"""
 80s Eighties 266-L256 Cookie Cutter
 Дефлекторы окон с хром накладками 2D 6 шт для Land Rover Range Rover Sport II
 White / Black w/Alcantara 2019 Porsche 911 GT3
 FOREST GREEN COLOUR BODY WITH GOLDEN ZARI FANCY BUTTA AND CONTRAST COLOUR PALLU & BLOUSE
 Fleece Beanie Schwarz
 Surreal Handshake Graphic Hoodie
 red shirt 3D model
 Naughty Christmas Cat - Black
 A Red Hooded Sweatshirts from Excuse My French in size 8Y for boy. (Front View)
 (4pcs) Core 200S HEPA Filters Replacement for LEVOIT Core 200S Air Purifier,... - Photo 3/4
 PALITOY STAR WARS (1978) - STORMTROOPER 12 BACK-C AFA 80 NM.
"""
__Exercise aim__
Repeat exactly the lines from the one containing "Surreal Handshake Graphic Hoodie" through the last line of the records above, both included, and nothing else.

__Result for this exercise__
 Surreal Handshake Graphic Hoodie
 red shirt 3D model
 Naughty Christmas Cat - Black
 A Red Hooded Sweatshirts from Excuse My French in size 8Y for boy. (Front View)
 (4pcs) Core 200S HEPA Filters Replacement for LEVOIT Core 200S Air Purifier,... - Photo 3/4
 PALITOY STAR WARS (1978) - STORMTROOPER 12 BACK-C AFA 80 NM.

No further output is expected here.